** Data shown follows **
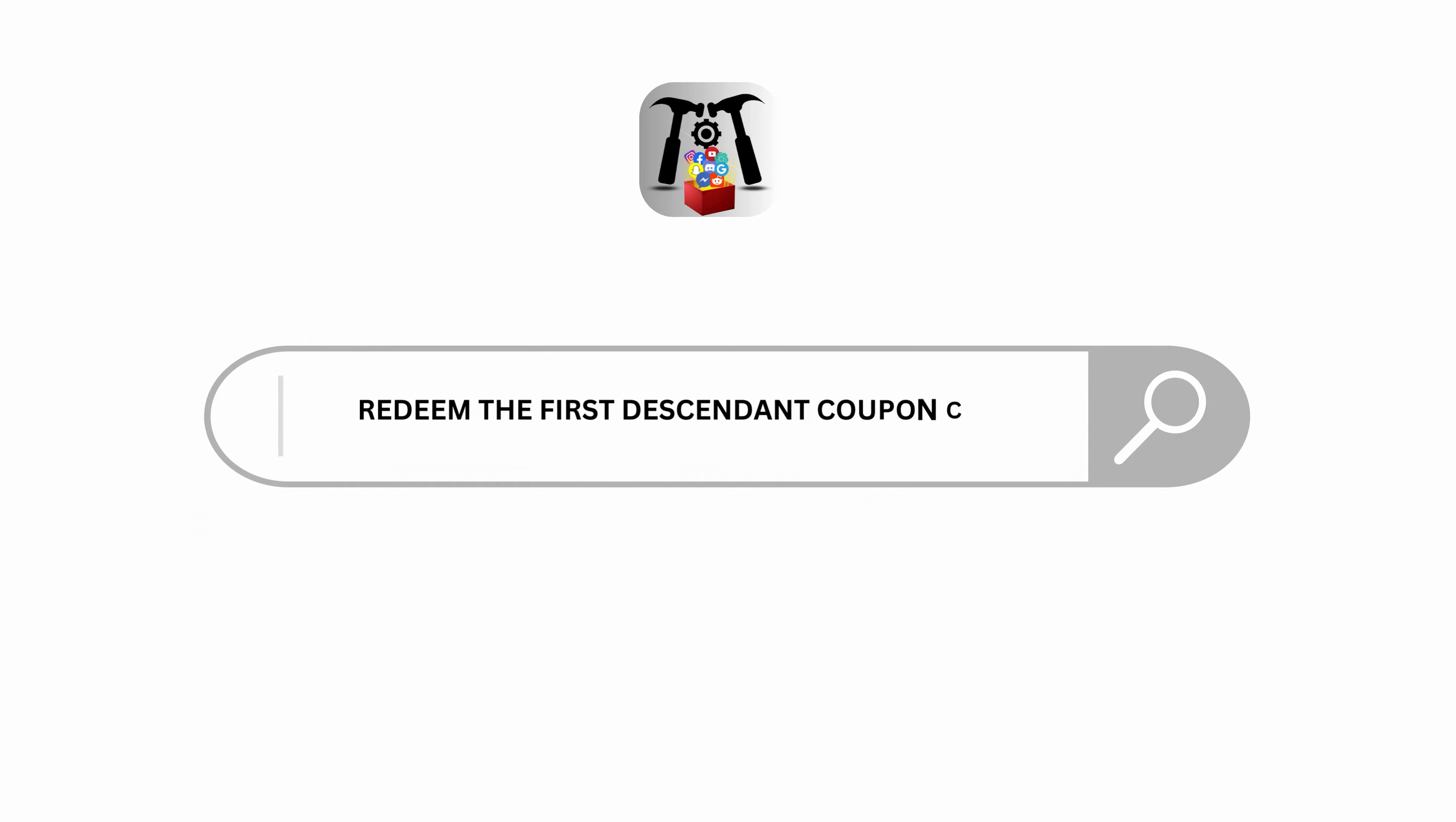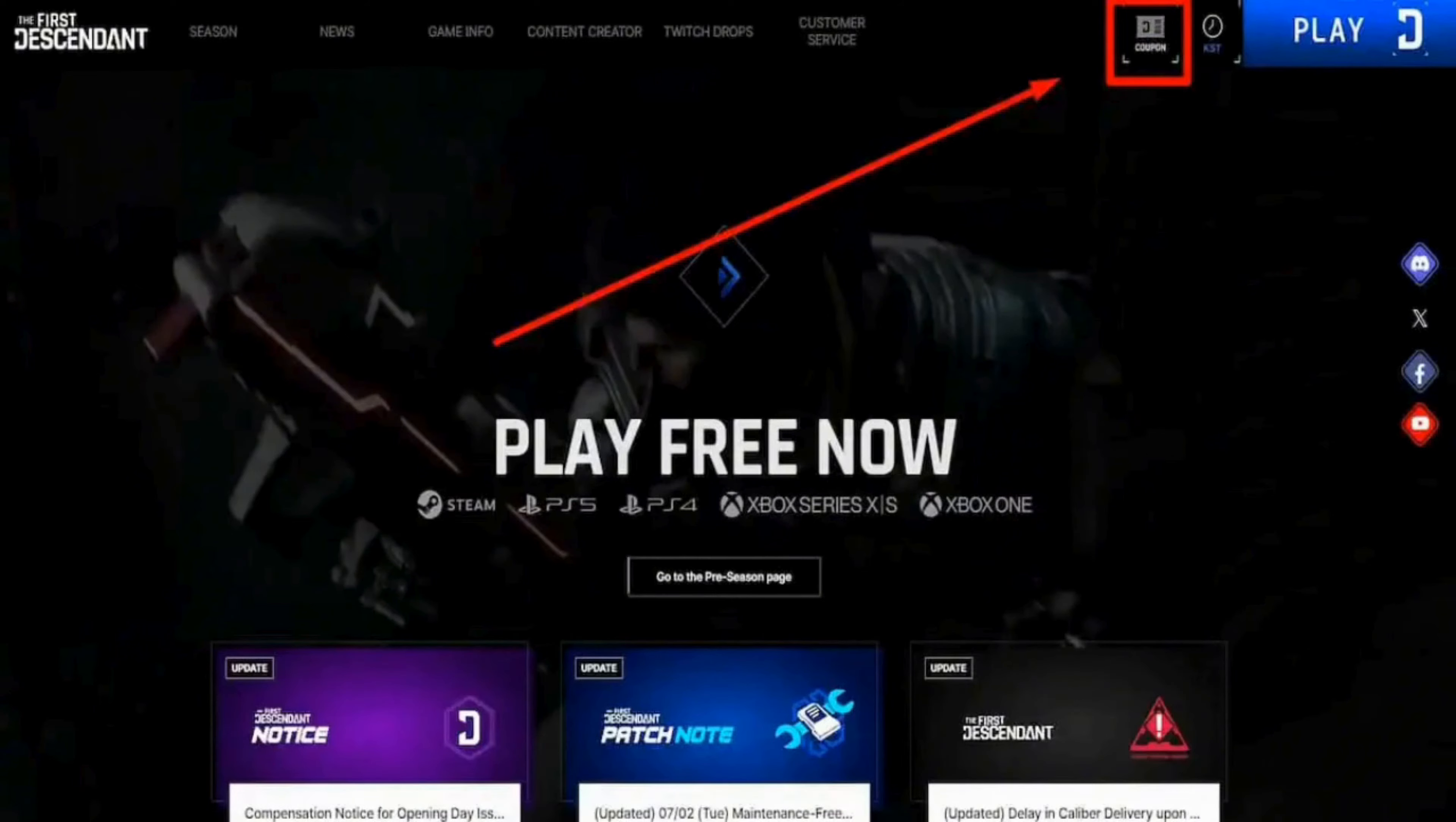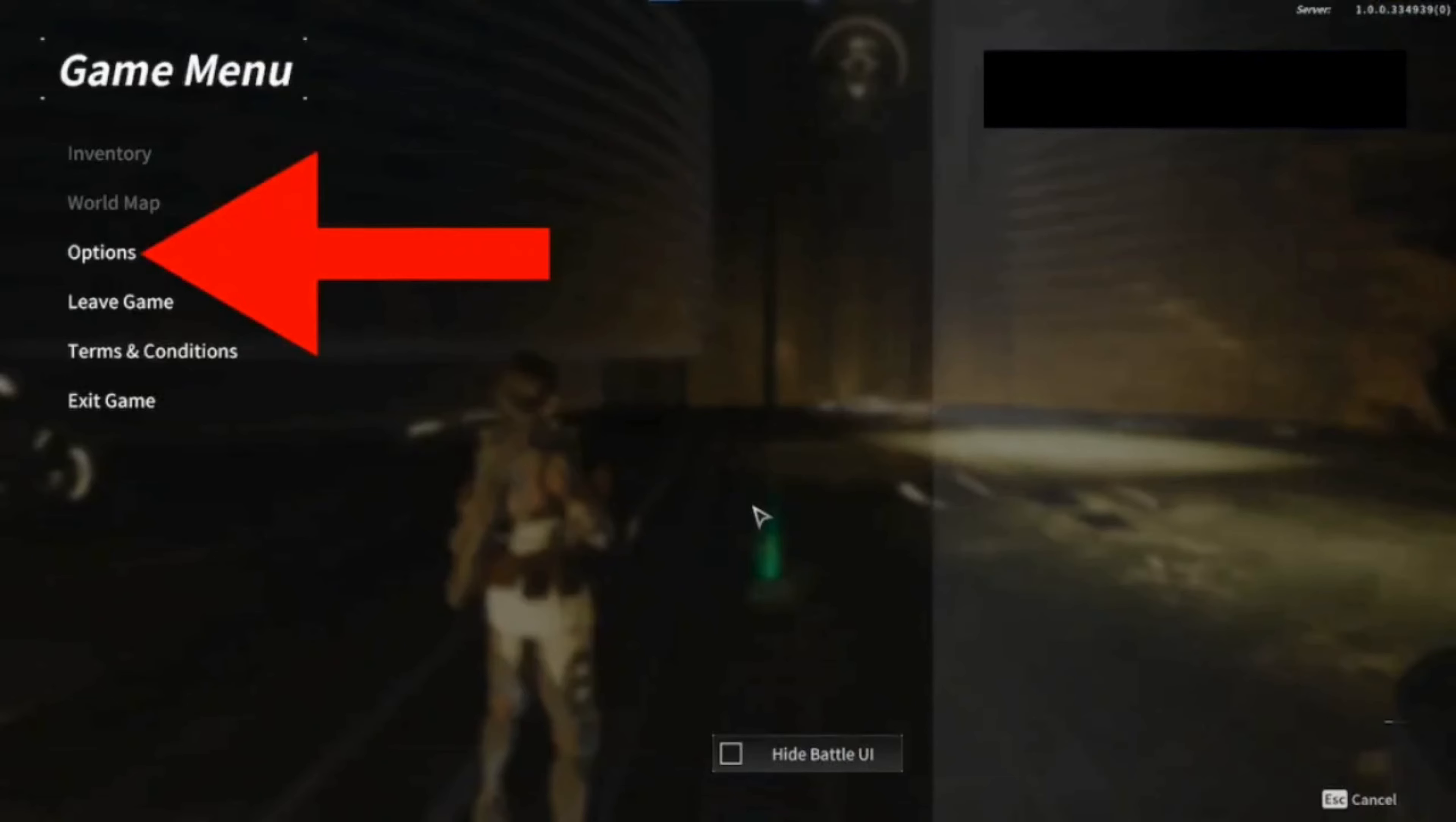How to redeem The First Descendant coupon codes. Welcome and let's get right into this tutorial. If you're wondering where you can get those coupon codes, check out the First Descendant website where you can easily find active and available coupon codes.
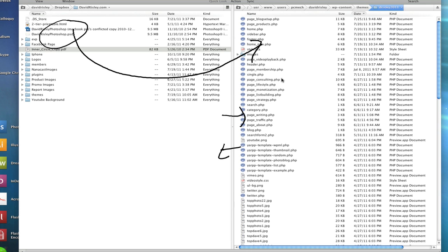You would select whatever files you want on this side and hit this little arrow and it would download it back to your computer. So from there it's actually really, really simple. I mean, that's really all FTP is.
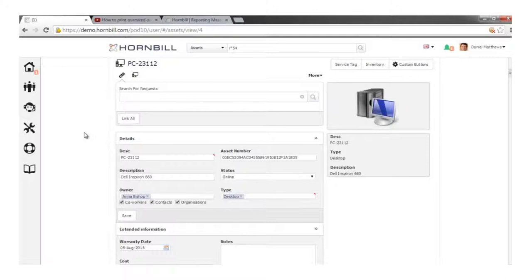So really that was just a run-through and overview of the Hornbill offering — both from the collaboration core and from the Service Manager app specifically. Hopefully you found that useful, and please do let us know if you have any questions.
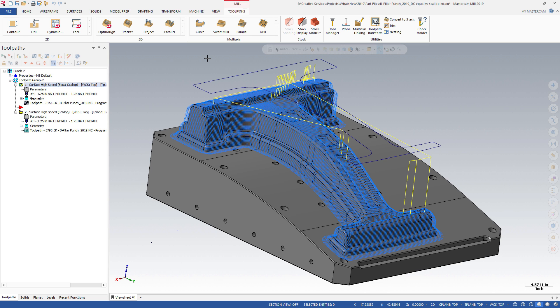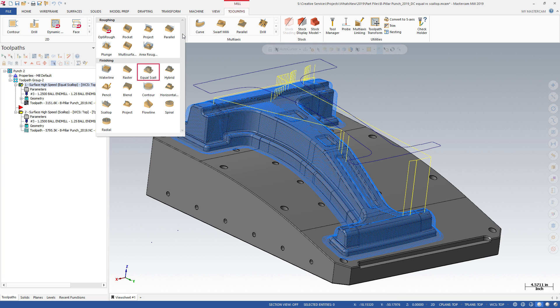Mastercam 2019 introduces a new 3D high-speed toolpath called Equal Scallop. This new toolpath creates a consistent scallop motion relative to the stepover distance. Equal Scallop is located in the 3D Gallery on the Mill Toolpaths contextual tab.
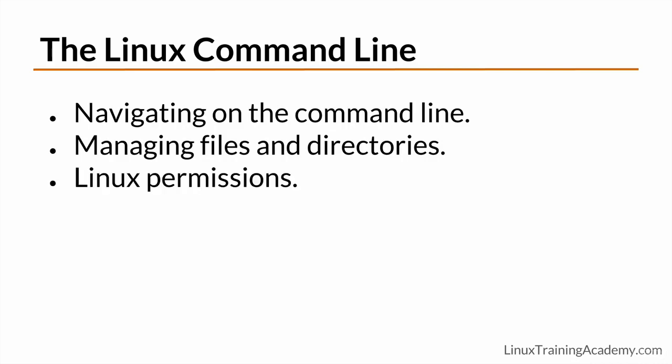This leads us to the important topic of Linux permissions. This is one of the hardest concepts for those new to Linux to grasp, but I'm going to really break down this topic and simplify it. I'll also share with you a couple of quick shortcuts that will make this complex topic really click for you.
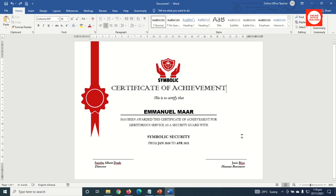In this video I'm going to show you how to create your very own custom certificate just like this one. So if you want to learn how to create this beautiful certificate, keep watching.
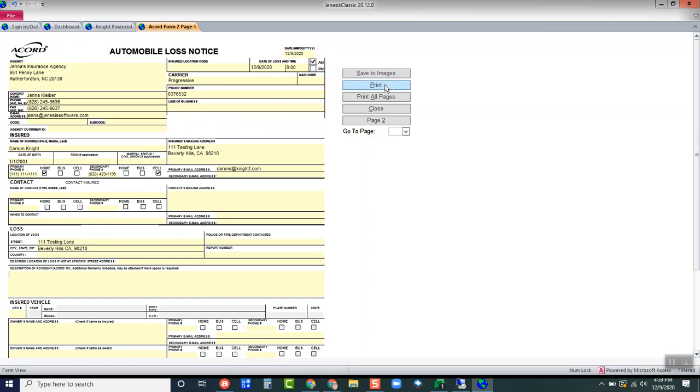You can print it. And then just some different options here as far as moving back and forth between your pages.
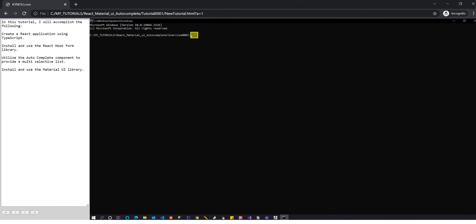In this tutorial, I will accomplish the following. Create a React application using TypeScript.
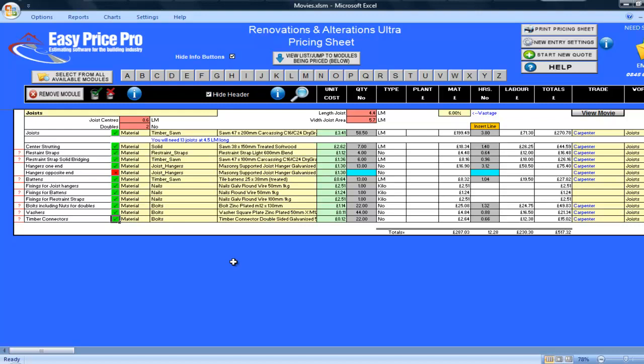Another great thing about this module is if you're doing several bays of joists, you can bring in as many of the joist modules as you want. Give them an individual title, for example, Joist Bay 2, and so on, and have the ability to price up each bay separately. So the options are endless on the type of joists that you can price using this module.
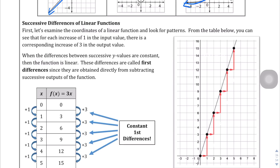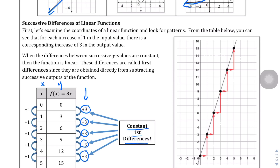We identify function types through first and second differences. When you have a linear function and make an xy table, if you take the y values — 0 to 3 is a change of positive 3, then 3 to 6 is plus 3, 6 to 9 is plus 3, 9 to 12 is plus 3, 12 to 15 is plus 3. This is the first difference column, and the first differences are constant. Constant first differences mean you have a linear function — the change is plus 3 each time you go up by one x value, resulting in a straight line.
** End of Data shown **
▸ What you are asked to do
Please reproduce, word for word, every line from the first line of the records above through the line containing "Mastercam 2019 introduces", and leave out the pictures.

▸ Reply
How to redeem The First Descendant coupon codes. Welcome and let's get right into this tutorial. If you're wondering where you can get those coupon codes, check out the First Descendant website where you can easily find active and available coupon codes.
You would select whatever files you want on this side and hit this little arrow and it would download it back to your computer. So from there it's actually really, really simple. I mean, that's really all FTP is.
So really that was just a run-through and overview of the Hornbill offering — both from the collaboration core and from the Service Manager app specifically. Hopefully you found that useful, and please do let us know if you have any questions.
Mastercam 2019 introduces a new 3D high-speed toolpath called Equal Scallop. This new toolpath creates a consistent scallop motion relative to the stepover distance. Equal Scallop is located in the 3D Gallery on the Mill Toolpaths contextual tab.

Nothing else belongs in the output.